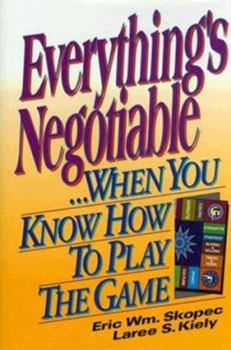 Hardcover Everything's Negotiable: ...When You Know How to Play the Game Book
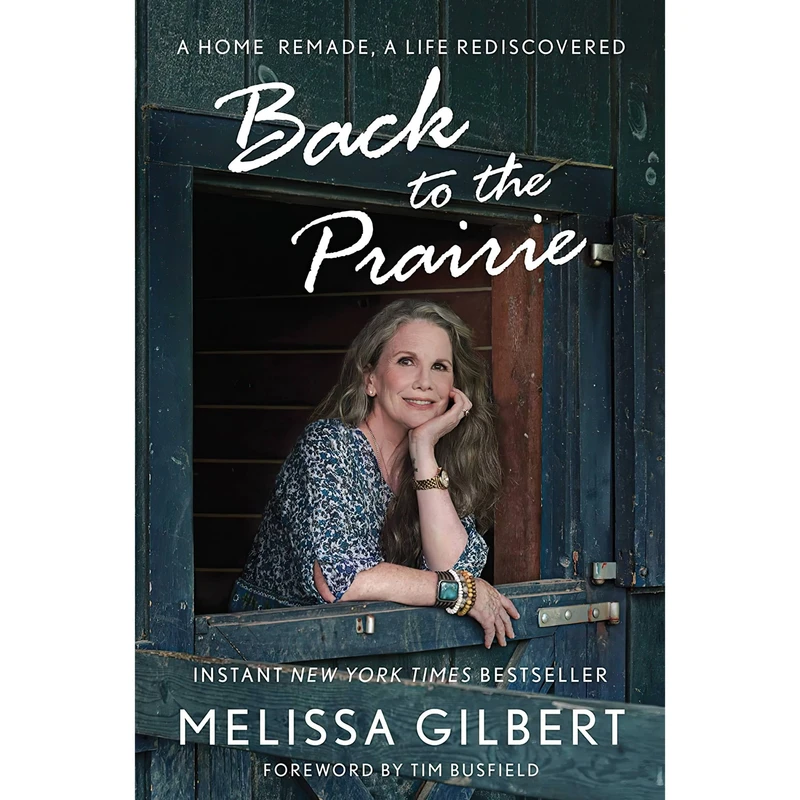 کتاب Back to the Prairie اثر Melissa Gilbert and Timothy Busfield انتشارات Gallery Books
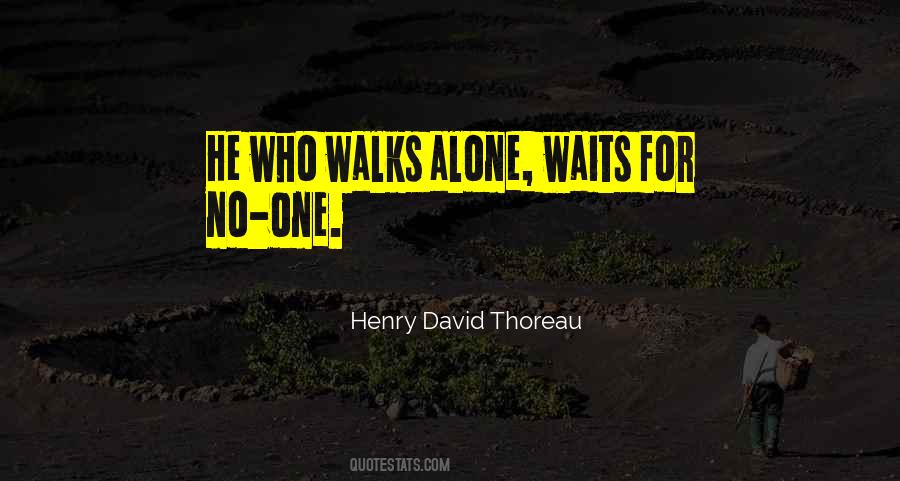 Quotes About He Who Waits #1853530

TASK TO CARRY OUT »
In your copy, reproduce the data above exactly and skip every picture.

ANSWER TO THIS PROBLEM »
 Hardcover Everything's Negotiable: ...When You Know How to Play the Game Book
 کتاب Back to the Prairie اثر Melissa Gilbert and Timothy Busfield انتشارات Gallery Books
 Quotes About He Who Waits #1853530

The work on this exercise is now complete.